You can use standard "ant notation" to exclude directories relative.
This works for me and excludes any .git or node_module directories.

tar -cvf myFile.tar --exclude=**/.git/* --exclude=**/node_modules/*  -T /data/txt/myInputFile.txt 2> /data/txt/myTarLogFile.txt

myInputFile.txt Contains:

/dev2/java
/dev2/javascript

Aaron Votre
19#
Aaron Votre Reply to 2016-07-15 15:56:04Z

I agree the --exclude flag is the right approach.

$ tar --exclude='./folder_or_file' --exclude='file_pattern' --exclude='fileA'

A word of warning for a side effect that I did not find immediately obvious: The exclusion of 'fileA' in this example will search for 'fileA' RECURSIVELY!

Example:A directory with a single subdirectory containing a file of the same name (data.txt)

data.txt
config.txt
--+dirA
  |  data.txt
  |  config.docx
  • If using --exclude='data.txt' the archive will not contain EITHER data.txt file. This can cause unexpected results if archiving third party libraries, such as a node_modules directory.

  • To avoid this issue make sure to give the entire path, like --exclude='./dirA/data.txt'

RohitPorwal
20#
RohitPorwal Reply to 2016-07-21 09:56:34Z

Check it out

tar cvpzf zip_folder.tgz . --exclude=./public --exclude=./tmp --exclude=./log --exclude=fileName
Community
21#
Community Reply to 2017-05-23 12:02:58Z

The following bash script should do the trick. It uses the answer given here by Marcus Sundman.

#!/bin/bash

echo -n "Please enter the name of the tar file you wish to create with out extension "
read nam

echo -n "Please enter the path to the directories to tar "
read pathin

echo tar -czvf $nam.tar.gz
excludes=`find $pathin -iname "*.CC" -exec echo "--exclude \'{}\'" \;|xargs`
echo $pathin

echo tar -czvf $nam.tar.gz $excludes $pathin

This will print out the command you need and you can just copy and paste it back in. There is probably a more elegant way to provide it directly to the command line.

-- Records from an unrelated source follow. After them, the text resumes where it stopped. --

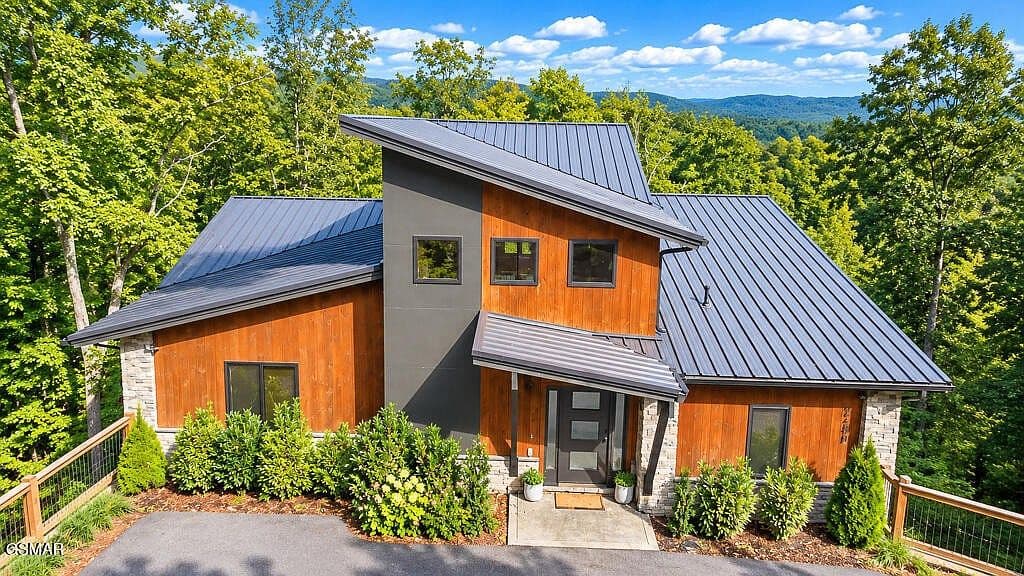 2430 Cove Mountain Ln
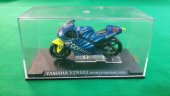 YAMAHA YZR500 2001 MOTO/BIKE scara 1:24
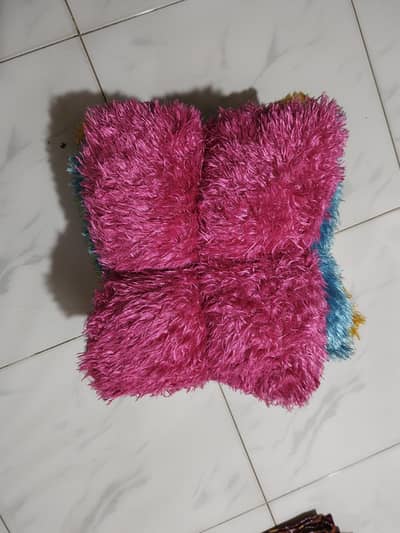6 cute fluffy cushions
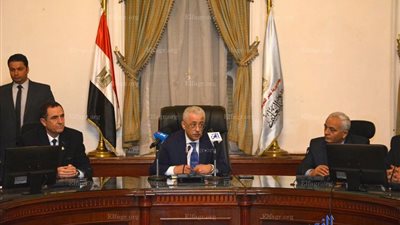 غدًا.. وزير التربية والتعليم في لقاء 
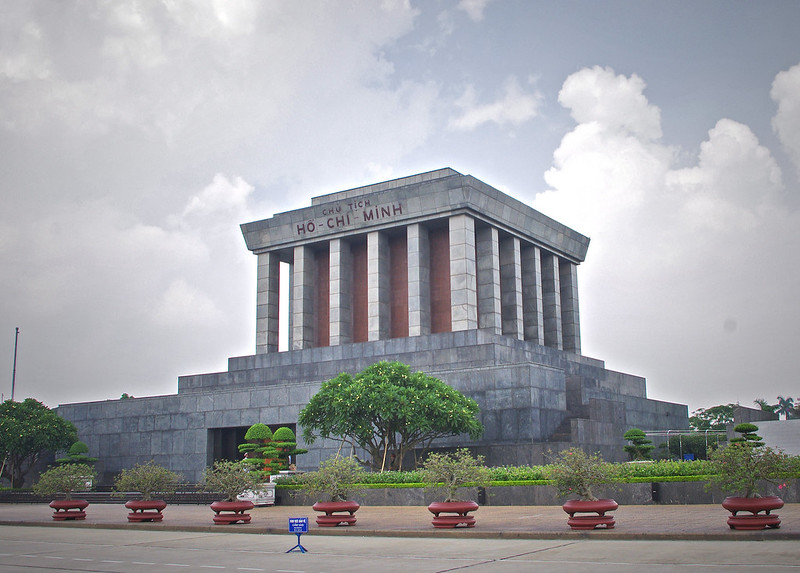 ho chi minh mausoleum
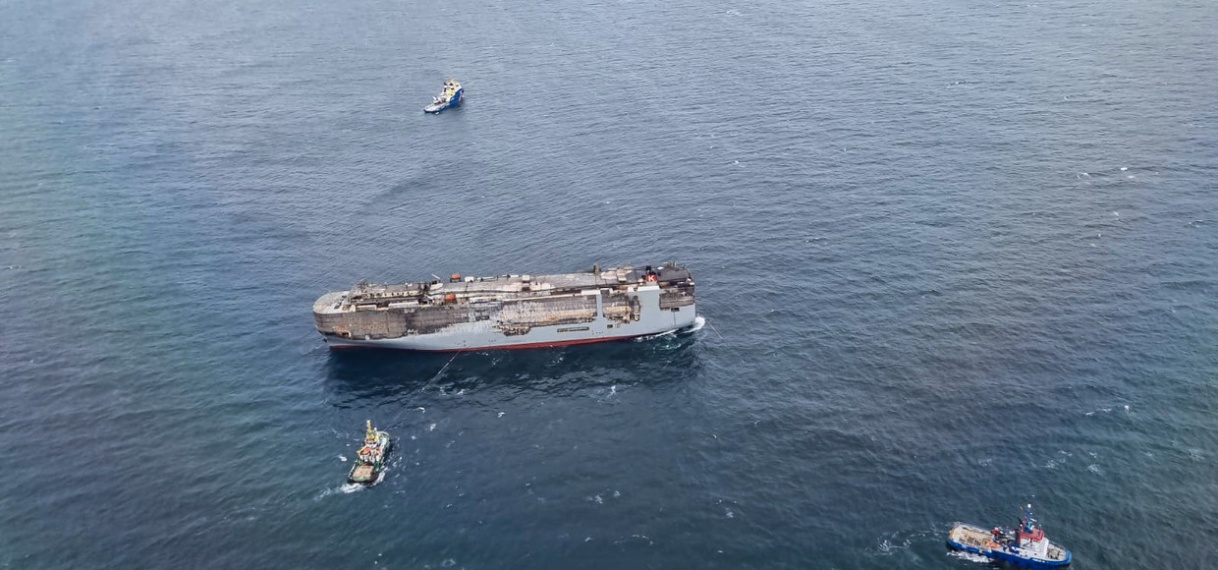 UPDATE: Brand op vrachtschip bij Ameland lijkt gedoofd, maar kan weer oplaaien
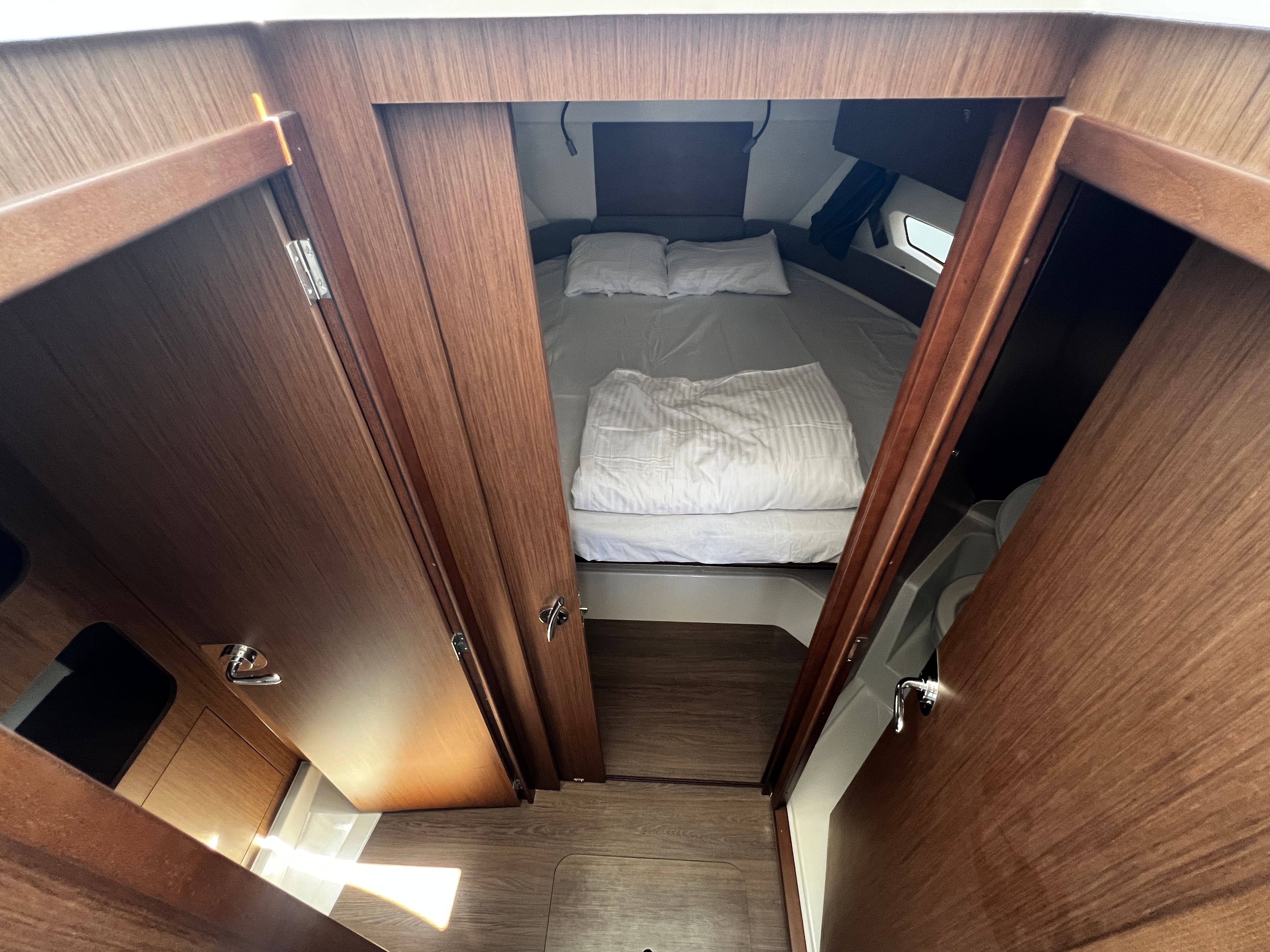 Beneteau Antares 9 | Ana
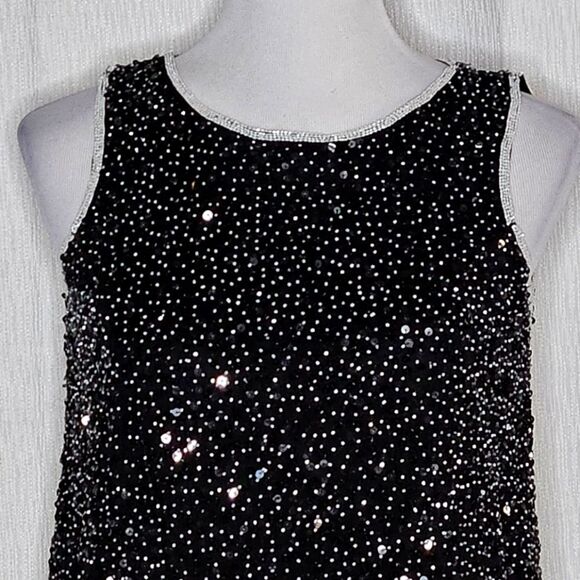 Stenay Silk Black & White Beaded & Sequins Sleeveless Swing Style Cocktail Dress - Picture 4 of 10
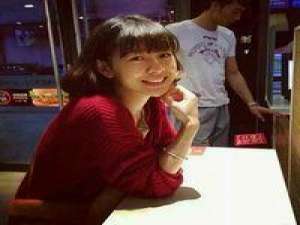 就像飞蛾扑火 美丽就这样接近了尾声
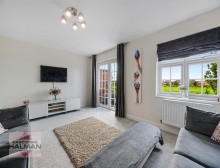 Images for Hangar Crescent, Woodford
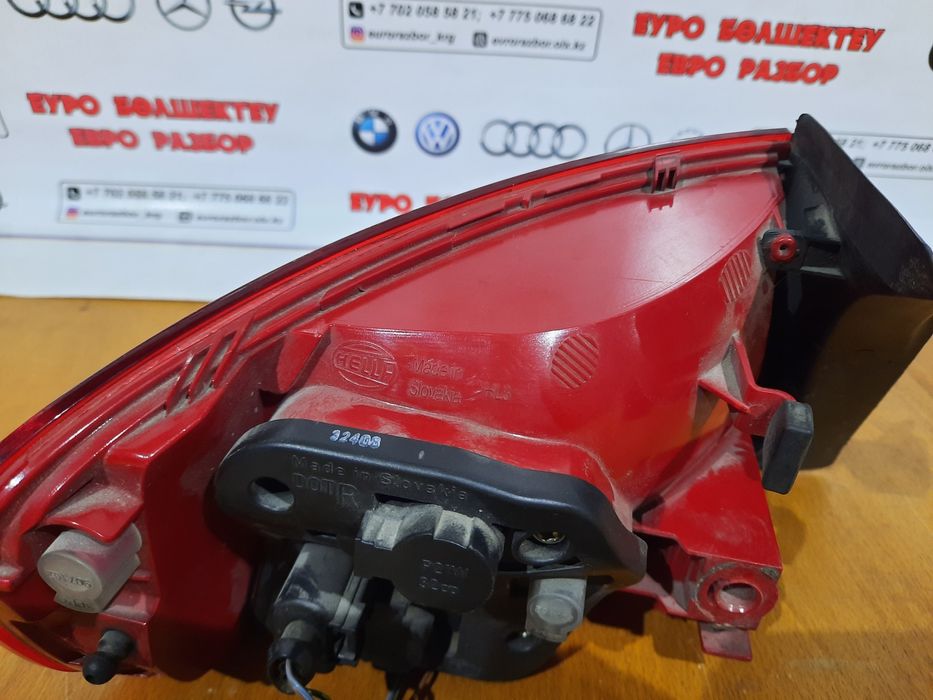 Фонарь правый на Ауди А4 В8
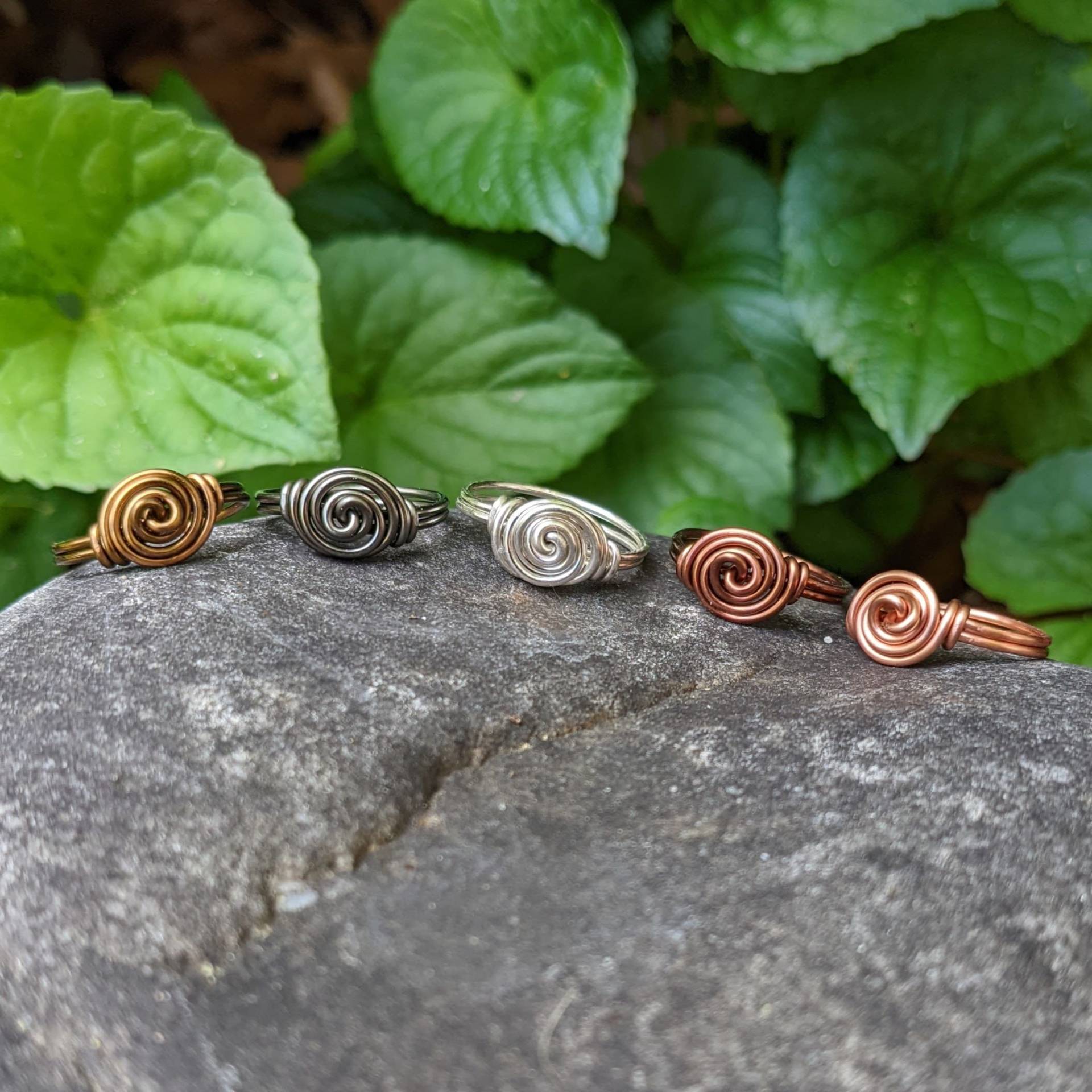 5 Wire Wrapped Rings - Schmuck Set Sondergrößen Ring Rosettenringe 5 Wire Wrapped Rings - Schmuck Set Sondergrößen Ring Rosettenringe von DistortedEarth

Just change *.CC for any other common extension, file name or regex you want to exclude and this should still work.

EDIT

Just to add a little explanation; find generates a list of files matching the chosen regex (in this case *.CC). This list is passed via xargs to the echo command. This prints --exclude 'one entry from the list'. The slashes () are escape characters for the ' marks.

Jerinaw
22#
Jerinaw Reply to 2017-05-06 20:07:56Z

For Mac OSX I had to do

tar -zcv --exclude='folder' -f theOutputTarFile.tar folderToTar

Note the -f after the --exclude=

Ashwini Gupta
23#
Ashwini Gupta Reply to 2018-01-12 10:30:25Z
tar -cvzf destination_folder source_folder -X /home/folder/excludes.txt

-X indicates a file which contains a list of filenames which must be excluded from the backup. For Instance, you can specify *~ in this file to not include any filenames ending with ~ in the backup.